Victims of home break-ins typically find the experience more than just a physical loss. They find it traumatic, disturbing and intimidating. Many victims are anxious for weeks afterward, and have a feeling of being personally violated. Predictably, residential break-ins will happen more frequently in households where crime prevention measures have not been taken. It is relatively easy to take effective precautions without becoming a fortress.
Most home break-ins occur in daylight. Typically these crimes are often committed by young men between 16 and 25 years of age. Most occur on weekdays between 9 a.m. and 5 p.m., when homeowners are most likely to be gone from the home at work.
Amateur burglars are opportunists. They don't choose homes randomly, but they look for opportunities - houses that can be approached without neighbours seeing or hearing anything; a door left ajar; or a window propped open for ventilation, a garage door left up when you are gone. Some crooks cruise a neighbourhood, looking for a house that seems unoccupied. If no one responds to the doorbell or knocking, they will examine the home more closely, looking at the type of windows; look for alarms; and so on.
Breaking into a home is not a sophisticated crime. To gain access to a building, crooks do not rely on skill, but on concealment, speed and force. In most of break-ins, thieves enter the house from a door or window located in the basement or on the ground floor. Once inside, they steal anything that might be valuable and can be easily carried, and sold. These thieves work quickly, often demonstrating an uncanny ability to locate your hidden valuables.
Consumer electronics - TVs, digital cameras, computers, laptops and so on - are the most popular stolen items. Cash, jewellery and liquor are also "hot" items.
The County of Wellington OPP advises homeowners to be proactive in the safety and security of your home and make your home less desirable to criminals. By knowing the conditions favourable to burglars and taking steps to eliminate those conditions, you can greatly reduce the chances that your home will be targeted for a break-in.
Security Tips that will help to reduce thieves targeting your home:
* If someone comes to your door asking to use the phone to call for assistance, offer to place the call yourself, don't let them into your home.
* Don't give information about your household to telephone surveys.
* If you have an alarm, use it. Make sure all family members use the alarm as well.

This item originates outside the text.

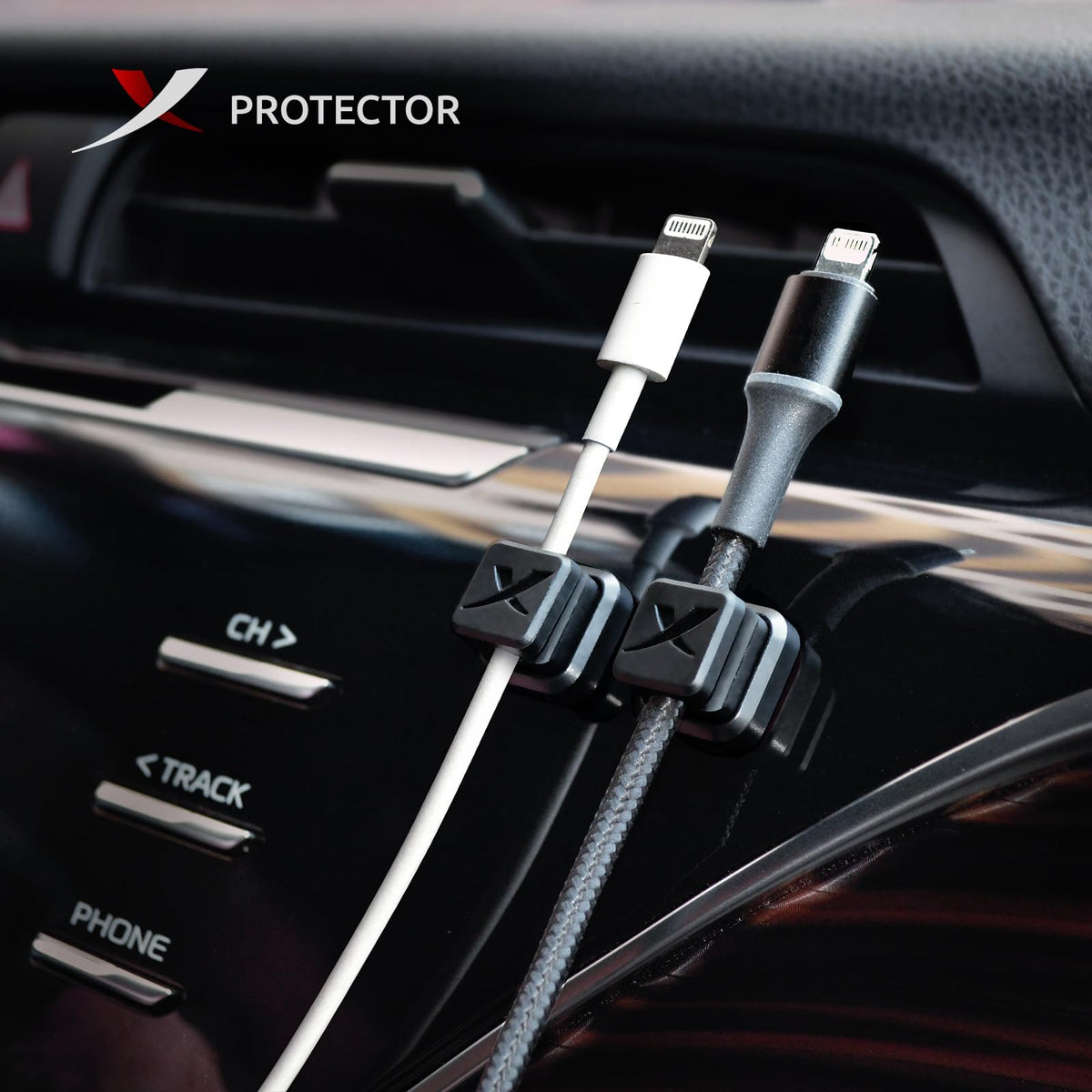 X-Protector cord holder on a wall keeps cords within reach and tidy.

* Ensure to lock all doors and windows when leaving home for the day or evening (or even a short time). Make sure that every family member adopts this habit. Use the deadbolt locks, not just the key-in-knob locks. At night, use timers to turn on lights, radios and TVs in a pattern that corresponds to your normal activities.

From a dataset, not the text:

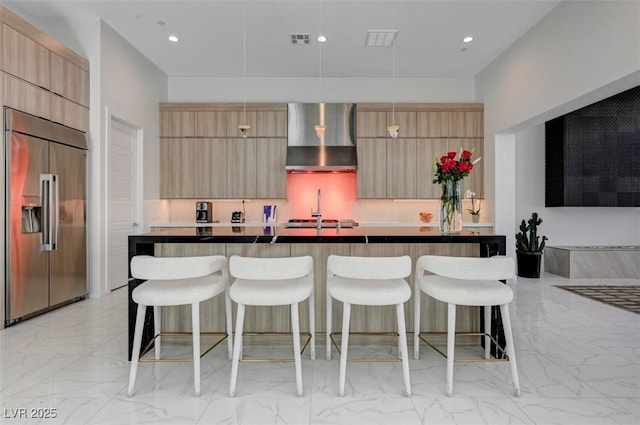 kitchen featuring stainless steel built in fridge, modern cabinets, pendant lighting, and wall chimney range hood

* Store lawn mowers, bicycles and snow blowers out of sight. Lock exterior basement doors and doors to garden sheds and enclosed patios and porches.

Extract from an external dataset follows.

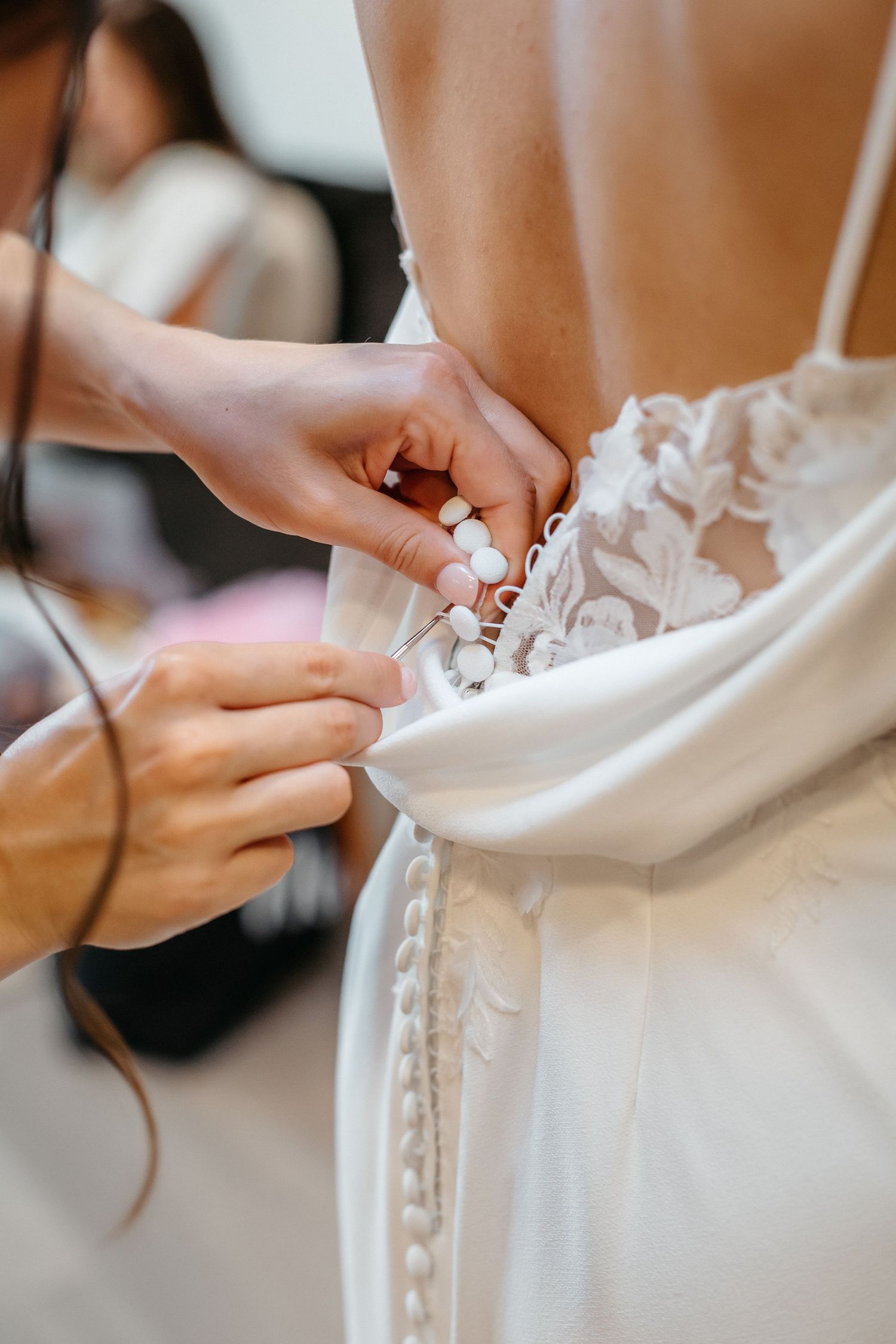 Close-up shots of hands adjusting and fastening buttons on the back of an elegant white wedding dress.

* Check that windows and doors are secured before retiring for the night. Pay particular attention to basement windows and sliding patio doors. In warmer weather, patio doors are used so often that the last person using them will often leave them unlocked.
* Avoid advertising when you will be away (either in person or with a message on your answering machine). An ad in the paper that requests respondents to call after 5 p.m. suggests that the house is empty during the day.
* Don't include the address of a deceased person in a newspaper obituary - a burglar would be almost guaranteed of finding the deceased's house empty during visitation hours and the funeral. The same holds true for newspaper wedding announcements giving addresses, dates and times of unoccupied homes.
* Clear away all flyers and handout from the mailbox. If on vacation have a friend or neighbour continue this, as a full mailbox will indicate an empty home.
Arrange for a neighbour to collect your mail while you are away.